- **Problem statement**: When a line of the entries contains "Floral", please list that line.

Saved data entries
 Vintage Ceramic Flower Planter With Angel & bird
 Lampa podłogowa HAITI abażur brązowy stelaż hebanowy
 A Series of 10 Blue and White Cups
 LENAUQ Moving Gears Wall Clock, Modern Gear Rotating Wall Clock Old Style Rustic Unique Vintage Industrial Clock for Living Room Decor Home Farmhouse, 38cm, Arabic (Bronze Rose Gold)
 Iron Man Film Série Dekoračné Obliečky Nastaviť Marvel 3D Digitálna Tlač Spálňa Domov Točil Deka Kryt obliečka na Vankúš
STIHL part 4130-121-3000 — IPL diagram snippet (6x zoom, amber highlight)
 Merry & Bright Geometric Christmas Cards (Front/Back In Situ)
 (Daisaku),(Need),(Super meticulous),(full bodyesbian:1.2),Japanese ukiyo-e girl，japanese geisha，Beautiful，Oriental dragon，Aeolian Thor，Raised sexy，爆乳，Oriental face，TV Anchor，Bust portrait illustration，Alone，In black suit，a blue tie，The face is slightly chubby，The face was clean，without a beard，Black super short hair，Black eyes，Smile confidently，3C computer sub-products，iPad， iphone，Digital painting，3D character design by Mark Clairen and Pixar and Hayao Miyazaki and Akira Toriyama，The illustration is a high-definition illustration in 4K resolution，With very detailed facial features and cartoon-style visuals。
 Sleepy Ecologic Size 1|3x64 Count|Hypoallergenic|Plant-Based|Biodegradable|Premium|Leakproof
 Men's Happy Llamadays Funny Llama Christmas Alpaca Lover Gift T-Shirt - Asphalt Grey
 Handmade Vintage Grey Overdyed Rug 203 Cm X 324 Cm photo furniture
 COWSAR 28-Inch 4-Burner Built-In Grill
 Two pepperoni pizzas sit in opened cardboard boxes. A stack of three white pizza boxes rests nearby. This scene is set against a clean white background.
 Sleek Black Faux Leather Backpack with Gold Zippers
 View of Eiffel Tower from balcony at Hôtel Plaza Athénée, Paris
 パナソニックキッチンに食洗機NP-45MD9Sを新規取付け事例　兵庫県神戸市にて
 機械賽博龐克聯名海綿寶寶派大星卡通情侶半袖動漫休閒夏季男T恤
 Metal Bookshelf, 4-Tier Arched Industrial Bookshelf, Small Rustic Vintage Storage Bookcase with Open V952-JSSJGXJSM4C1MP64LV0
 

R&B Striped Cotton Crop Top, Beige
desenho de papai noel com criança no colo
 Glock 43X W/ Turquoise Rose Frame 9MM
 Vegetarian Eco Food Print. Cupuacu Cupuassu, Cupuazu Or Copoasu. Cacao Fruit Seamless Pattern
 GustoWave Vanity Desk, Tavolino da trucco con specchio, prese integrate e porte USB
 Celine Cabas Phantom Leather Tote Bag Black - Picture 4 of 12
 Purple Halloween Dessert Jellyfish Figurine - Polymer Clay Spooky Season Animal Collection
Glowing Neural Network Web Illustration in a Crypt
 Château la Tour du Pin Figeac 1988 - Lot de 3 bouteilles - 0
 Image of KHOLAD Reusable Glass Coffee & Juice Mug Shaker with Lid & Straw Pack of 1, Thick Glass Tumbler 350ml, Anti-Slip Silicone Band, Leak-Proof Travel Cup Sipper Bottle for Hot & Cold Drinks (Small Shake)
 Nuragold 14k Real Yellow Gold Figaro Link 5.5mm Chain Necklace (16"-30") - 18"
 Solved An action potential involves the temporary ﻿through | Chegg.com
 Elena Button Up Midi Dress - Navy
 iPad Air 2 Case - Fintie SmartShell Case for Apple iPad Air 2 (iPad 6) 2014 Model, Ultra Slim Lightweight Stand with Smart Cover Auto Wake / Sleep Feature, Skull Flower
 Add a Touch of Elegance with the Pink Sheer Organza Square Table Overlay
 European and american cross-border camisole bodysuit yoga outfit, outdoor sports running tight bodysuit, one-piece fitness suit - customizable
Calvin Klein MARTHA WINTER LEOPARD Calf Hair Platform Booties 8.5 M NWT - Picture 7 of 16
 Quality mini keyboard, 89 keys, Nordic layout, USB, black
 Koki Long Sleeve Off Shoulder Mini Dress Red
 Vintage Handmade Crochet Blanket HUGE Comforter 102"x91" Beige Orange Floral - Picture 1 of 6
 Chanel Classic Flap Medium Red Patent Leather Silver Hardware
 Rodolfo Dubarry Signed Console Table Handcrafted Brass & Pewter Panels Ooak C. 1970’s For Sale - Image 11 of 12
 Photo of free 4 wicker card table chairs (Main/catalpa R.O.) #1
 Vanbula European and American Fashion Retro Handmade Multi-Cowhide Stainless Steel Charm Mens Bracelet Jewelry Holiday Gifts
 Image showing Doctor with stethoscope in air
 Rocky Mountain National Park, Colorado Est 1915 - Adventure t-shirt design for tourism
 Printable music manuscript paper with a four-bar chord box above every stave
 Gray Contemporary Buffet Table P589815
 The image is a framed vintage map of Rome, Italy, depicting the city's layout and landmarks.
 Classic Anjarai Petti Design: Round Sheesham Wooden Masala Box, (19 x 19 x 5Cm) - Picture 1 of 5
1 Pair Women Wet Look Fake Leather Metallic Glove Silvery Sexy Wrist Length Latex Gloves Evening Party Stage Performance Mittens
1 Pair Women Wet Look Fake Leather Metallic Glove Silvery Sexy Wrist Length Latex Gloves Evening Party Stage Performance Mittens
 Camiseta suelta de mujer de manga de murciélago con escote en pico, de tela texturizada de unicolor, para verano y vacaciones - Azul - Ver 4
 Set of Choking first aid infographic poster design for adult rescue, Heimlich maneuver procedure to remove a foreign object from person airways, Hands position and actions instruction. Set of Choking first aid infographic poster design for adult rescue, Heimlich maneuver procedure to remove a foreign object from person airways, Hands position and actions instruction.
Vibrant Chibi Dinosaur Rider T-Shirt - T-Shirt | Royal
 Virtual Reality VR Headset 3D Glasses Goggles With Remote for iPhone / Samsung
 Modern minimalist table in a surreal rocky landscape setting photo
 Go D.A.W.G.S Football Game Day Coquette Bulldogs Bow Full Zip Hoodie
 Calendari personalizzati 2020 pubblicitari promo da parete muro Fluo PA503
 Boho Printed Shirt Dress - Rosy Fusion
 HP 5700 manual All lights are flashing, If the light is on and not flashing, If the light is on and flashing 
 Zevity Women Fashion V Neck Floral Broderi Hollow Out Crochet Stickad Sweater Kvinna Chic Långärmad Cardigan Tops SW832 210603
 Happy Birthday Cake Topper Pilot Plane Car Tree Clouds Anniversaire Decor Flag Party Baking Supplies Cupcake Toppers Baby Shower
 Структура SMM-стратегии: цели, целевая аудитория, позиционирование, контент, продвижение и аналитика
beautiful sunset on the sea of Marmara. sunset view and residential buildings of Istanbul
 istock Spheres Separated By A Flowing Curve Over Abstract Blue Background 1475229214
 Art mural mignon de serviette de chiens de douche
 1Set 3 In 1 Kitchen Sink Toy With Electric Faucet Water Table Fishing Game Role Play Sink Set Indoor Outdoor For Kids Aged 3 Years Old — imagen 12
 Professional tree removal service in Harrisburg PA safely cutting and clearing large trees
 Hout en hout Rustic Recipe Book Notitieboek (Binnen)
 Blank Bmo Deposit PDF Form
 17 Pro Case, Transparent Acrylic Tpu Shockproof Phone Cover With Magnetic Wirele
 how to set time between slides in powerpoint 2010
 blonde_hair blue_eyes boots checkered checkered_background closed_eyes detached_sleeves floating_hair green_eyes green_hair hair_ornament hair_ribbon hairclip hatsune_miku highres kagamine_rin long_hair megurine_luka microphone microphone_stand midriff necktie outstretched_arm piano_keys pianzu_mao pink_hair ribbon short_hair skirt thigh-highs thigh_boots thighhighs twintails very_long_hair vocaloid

- **Response to this task**:
 Vintage Handmade Crochet Blanket HUGE Comforter 102"x91" Beige Orange Floral - Picture 1 of 6
 Zevity Women Fashion V Neck Floral Broderi Hollow Out Crochet Stickad Sweater Kvinna Chic Långärmad Cardigan Tops SW832 210603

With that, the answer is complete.